I all of this, I almost forgot to mention AR Rahman has lent an utterly forgettable soundtrack to the film. I am tempted to believe the soundtrack was limp and insipid to begin with, and given the incredibly annoying quality of the film and story, there wasn’t much the music could do to salvage the sitaution.
This should ideally be a post about how you shouldn’t bother watching Raanjhanaa, and how you should do everything in your power to stop everybody you know from watching it too, but I should probably also tell you about some of the other films I’ve watched in recent times.
Man of Steel: I’m not much of a superhero fan, except for Ironman (for obvious reasons), and even amongst the few superhero films I have watched, Superman was probably the least memorable. I had no idea about the legends and stories associated with Superman, so I had no reason to really want to watch this movie. But I did because I was expecting a Nolan-esque spin to the story. And those, I love. Given that I knew not much of the back-story to begin with, and I think Nolan is a bit of a story-telling genius, I enjoyed Man of Steel. Sure, the sequence of events was a bit mixed up, a little too fast, sometimes cheesy in parts, but it is a superhero film, and one is expected to suspend logic and belief. So given that framework, I loved it. It helped that Henry Cavill is rather dishy in a posterboy sort of way, and the music was truly overwhelming in a way that added a build up that the film was lacking a bit.
Yeh Jawaani Hai Deewani: What does it mean that you’re willing to watching a film you didn’t care much for, a second time, only to get to see Ranbir Kapoor’s moves again? It means I am hopelessly crushing on him. And not without reason. He did it for me in Rockstar, in Barfii, in Raajneeti and again in YJHD. Shitty films story-wise, but pulled right through simply because RK was born to be in front of the camera. I’m willing to overlook Deepika Padukone’s sassy turnaround, and her no-holds-barred enactment of the reversal of role, the fact that she is made to look more ravishing that she actually might be with deliberately incomplete looking, situation-inappropriate costumes (I’m talking short, tight denim dresses while trekking in the snow), the large absence of a coherent storyline and everything else that was wrong with the film, just to watch RK dance and play his role, which he does complete justice to.

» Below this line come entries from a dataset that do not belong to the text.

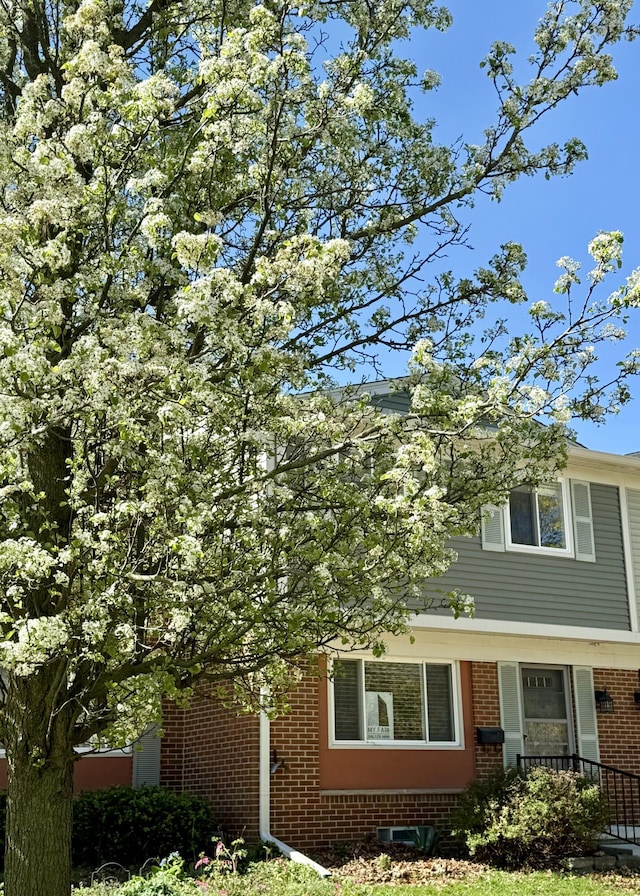 view of front of property featuring brick siding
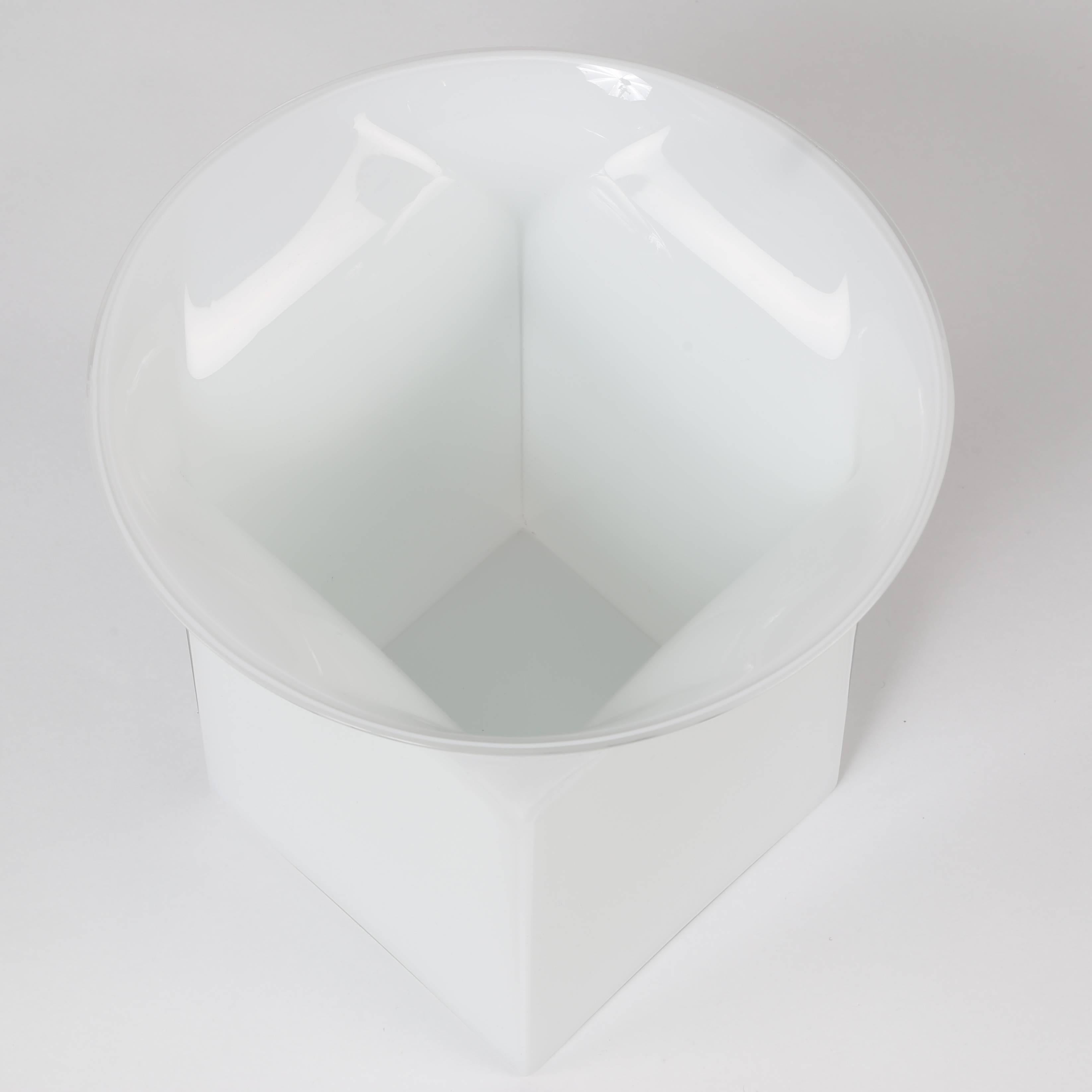 Beautiful square form, made of blown clear glass layered over white glass, flares to a round opening. 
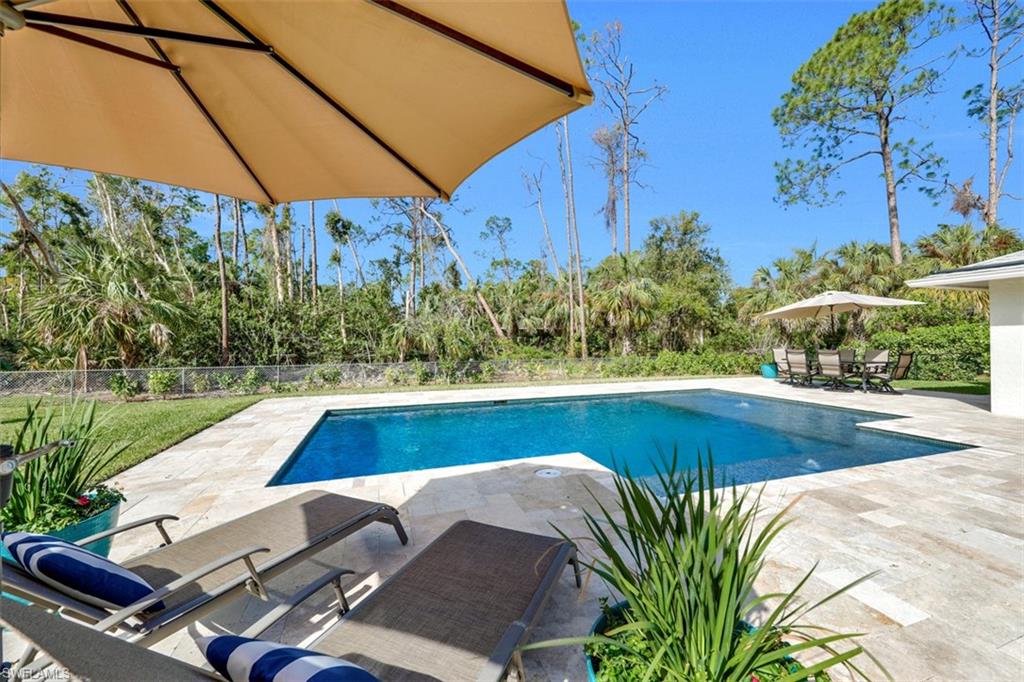 5260 Mahogany Ridge Drive Naples, FL 34119 - Photo 3 of 15 a view of swimming pool with lounge chair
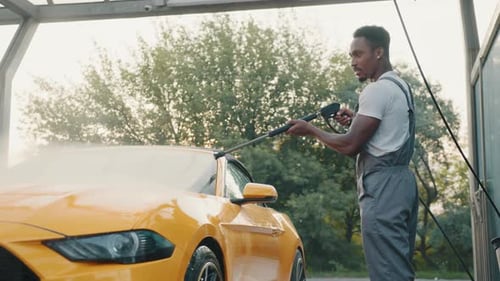 Man Washing a Yellow Car with Water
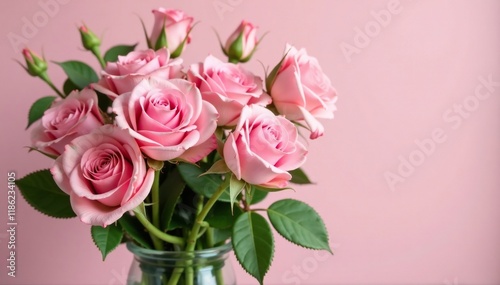 Pink roses in a vase with fresh green branches and leaves, flower arrangement, pink rose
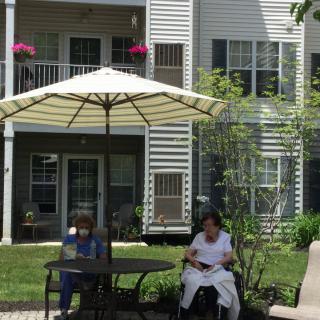 Two people sitting outside under an umbrella in a garden area of an apartment complex.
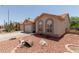 Charming single-story home with desert landscaping, barrel decor, and covered entryway at 1917 E Lindrick Dr, Chandler, AZ 85249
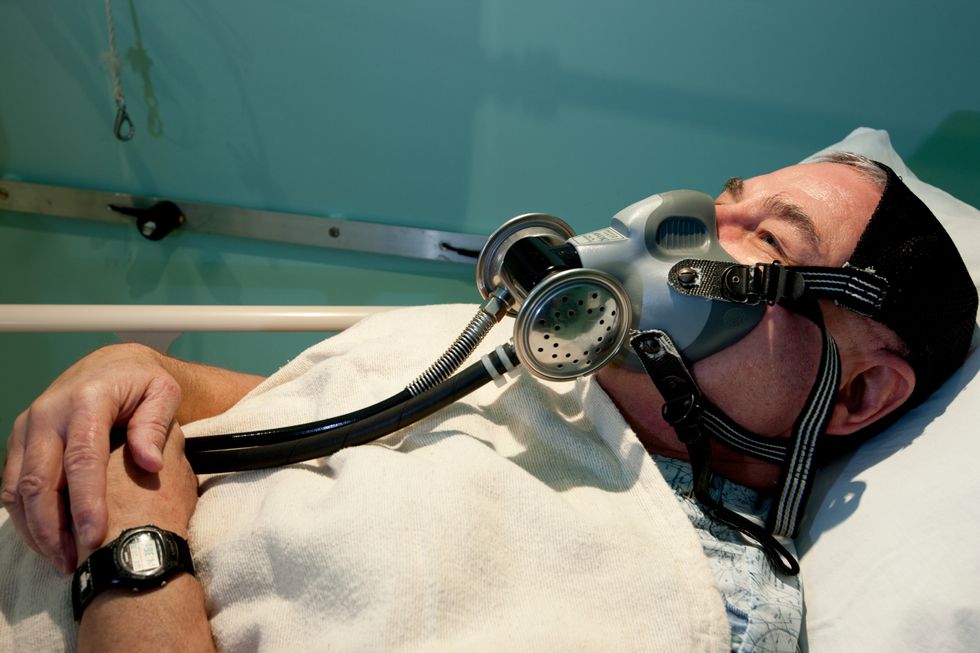Man undergoing hyperbaric oxygen therapy (HBOT)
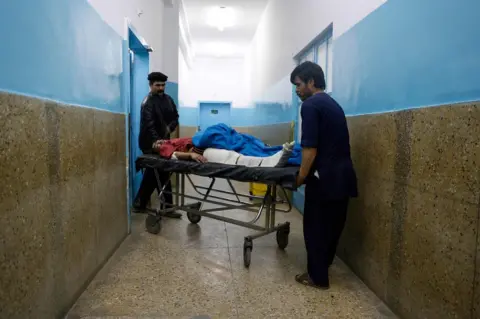 Getty Images Afghan volunteer and medical staff member carry an injured man on a stretcher at Wazir Akbar Khan hospital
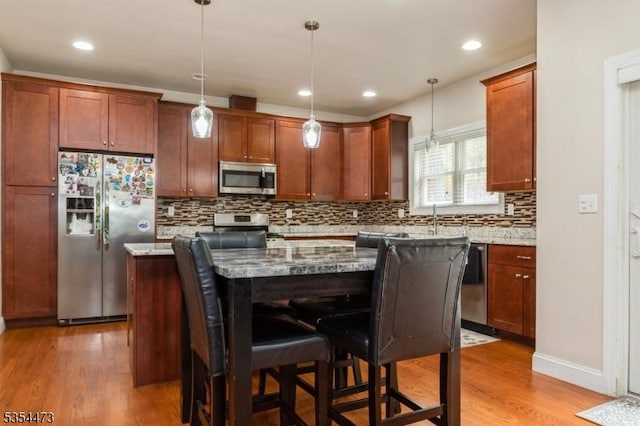 kitchen with backsplash, a kitchen bar, light stone counters, light wood-style floors, and stainless steel appliances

Fukrey: This was a complete roll-on-the-floor-with-laughter kind of silly movie. Meaningless, but funny. Nonsensical, but in good humor, this is a story about 4 aimless wastrels who find themselves embroiled in a bizarre case of embezzlement. Richa Chaddha has attitude, and the 4 boys are rather hilarious, with names like Hunni, Lali and Choocha, and each of them having a distinct character. Most times I am okay with this kind of leave-your-brain-behind-and-enjoy-the-movie kind of cinema, if I feel the story is imaginative and the characters creatively etched out.
Thankfully, the good has mostly overshadowed the bad in the last few weeks and I have been sufficiently entertained at the movies. What I really wish for is a good, solid, memorable Hindi movie (I have my eyes on Bhaag Milkha Bhaag) and a mindless, English rom-com to come along.